[Data listing]

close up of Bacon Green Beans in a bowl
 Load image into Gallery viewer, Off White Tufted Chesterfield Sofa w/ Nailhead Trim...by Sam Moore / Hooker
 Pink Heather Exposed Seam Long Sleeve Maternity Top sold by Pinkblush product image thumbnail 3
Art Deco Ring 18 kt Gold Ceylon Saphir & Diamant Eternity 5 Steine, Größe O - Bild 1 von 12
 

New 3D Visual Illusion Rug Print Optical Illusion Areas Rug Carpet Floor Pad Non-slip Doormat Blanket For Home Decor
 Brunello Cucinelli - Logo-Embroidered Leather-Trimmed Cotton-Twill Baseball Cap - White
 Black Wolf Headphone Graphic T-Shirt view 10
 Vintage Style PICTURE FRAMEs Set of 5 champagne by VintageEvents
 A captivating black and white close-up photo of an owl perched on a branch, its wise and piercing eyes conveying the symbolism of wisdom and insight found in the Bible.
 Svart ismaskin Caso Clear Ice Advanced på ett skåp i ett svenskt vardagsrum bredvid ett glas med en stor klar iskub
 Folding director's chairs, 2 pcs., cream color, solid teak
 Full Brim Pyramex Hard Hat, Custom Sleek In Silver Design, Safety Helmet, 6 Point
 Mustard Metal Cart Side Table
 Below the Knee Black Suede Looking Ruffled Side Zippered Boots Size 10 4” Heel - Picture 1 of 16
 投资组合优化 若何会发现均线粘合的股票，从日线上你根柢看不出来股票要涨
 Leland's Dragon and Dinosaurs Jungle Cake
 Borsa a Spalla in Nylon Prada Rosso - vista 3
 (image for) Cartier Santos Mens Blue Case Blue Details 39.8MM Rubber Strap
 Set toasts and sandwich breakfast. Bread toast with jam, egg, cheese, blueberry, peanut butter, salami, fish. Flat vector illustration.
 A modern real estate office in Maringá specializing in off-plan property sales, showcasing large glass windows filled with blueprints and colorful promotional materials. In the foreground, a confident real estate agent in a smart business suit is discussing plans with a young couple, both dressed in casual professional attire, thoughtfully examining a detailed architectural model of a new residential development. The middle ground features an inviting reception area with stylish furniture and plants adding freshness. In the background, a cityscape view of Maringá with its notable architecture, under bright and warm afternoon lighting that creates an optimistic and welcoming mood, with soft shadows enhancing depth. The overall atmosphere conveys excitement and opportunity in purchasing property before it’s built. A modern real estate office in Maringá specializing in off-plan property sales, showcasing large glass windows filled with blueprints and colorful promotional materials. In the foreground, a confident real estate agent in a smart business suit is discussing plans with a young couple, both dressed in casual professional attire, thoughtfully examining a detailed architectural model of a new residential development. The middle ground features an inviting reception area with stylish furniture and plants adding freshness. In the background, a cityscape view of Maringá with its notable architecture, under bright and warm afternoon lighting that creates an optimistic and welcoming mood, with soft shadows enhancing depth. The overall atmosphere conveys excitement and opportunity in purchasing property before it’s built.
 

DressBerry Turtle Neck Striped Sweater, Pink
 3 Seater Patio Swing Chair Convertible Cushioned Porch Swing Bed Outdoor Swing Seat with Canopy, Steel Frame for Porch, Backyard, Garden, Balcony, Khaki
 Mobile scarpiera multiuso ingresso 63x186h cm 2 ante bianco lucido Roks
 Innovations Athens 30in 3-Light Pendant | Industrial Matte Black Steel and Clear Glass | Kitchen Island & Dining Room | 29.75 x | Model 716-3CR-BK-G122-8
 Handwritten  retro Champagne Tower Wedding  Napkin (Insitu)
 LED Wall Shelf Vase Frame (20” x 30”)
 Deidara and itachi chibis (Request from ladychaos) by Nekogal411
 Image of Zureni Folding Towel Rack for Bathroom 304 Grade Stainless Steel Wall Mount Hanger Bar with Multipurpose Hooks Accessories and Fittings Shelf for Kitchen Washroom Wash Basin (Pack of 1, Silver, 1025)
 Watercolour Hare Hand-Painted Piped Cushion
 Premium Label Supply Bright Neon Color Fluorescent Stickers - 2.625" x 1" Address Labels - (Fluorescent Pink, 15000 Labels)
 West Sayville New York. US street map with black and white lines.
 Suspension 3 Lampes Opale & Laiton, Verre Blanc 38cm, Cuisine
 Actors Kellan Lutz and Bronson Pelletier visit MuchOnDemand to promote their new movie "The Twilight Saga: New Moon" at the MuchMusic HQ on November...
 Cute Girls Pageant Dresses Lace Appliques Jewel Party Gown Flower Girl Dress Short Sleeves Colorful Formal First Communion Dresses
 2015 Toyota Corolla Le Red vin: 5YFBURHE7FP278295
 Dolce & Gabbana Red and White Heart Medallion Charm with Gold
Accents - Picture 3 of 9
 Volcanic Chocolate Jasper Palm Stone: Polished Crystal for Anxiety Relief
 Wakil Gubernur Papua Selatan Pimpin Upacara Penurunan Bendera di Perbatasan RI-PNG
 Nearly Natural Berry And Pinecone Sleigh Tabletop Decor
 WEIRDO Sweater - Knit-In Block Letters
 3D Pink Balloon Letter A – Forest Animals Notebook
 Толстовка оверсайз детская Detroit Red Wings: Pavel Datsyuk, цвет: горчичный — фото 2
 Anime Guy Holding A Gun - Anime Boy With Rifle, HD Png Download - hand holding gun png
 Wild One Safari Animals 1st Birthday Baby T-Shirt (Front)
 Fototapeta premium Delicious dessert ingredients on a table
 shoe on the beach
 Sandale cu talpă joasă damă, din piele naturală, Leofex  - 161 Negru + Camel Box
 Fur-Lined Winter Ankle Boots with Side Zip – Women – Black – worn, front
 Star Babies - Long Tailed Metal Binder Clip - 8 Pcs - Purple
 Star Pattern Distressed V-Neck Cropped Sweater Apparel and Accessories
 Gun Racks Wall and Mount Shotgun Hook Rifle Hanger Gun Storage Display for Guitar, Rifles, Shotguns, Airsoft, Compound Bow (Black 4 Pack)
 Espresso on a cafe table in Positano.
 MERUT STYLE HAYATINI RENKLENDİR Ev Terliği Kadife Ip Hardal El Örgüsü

[/Data listing]

Assignment -> Where does "Gold" appear in the records above? Copy every line that has it.

Solution to this task ->
Art Deco Ring 18 kt Gold Ceylon Saphir & Diamant Eternity 5 Steine, Größe O - Bild 1 von 12
 Dolce & Gabbana Red and White Heart Medallion Charm with Gold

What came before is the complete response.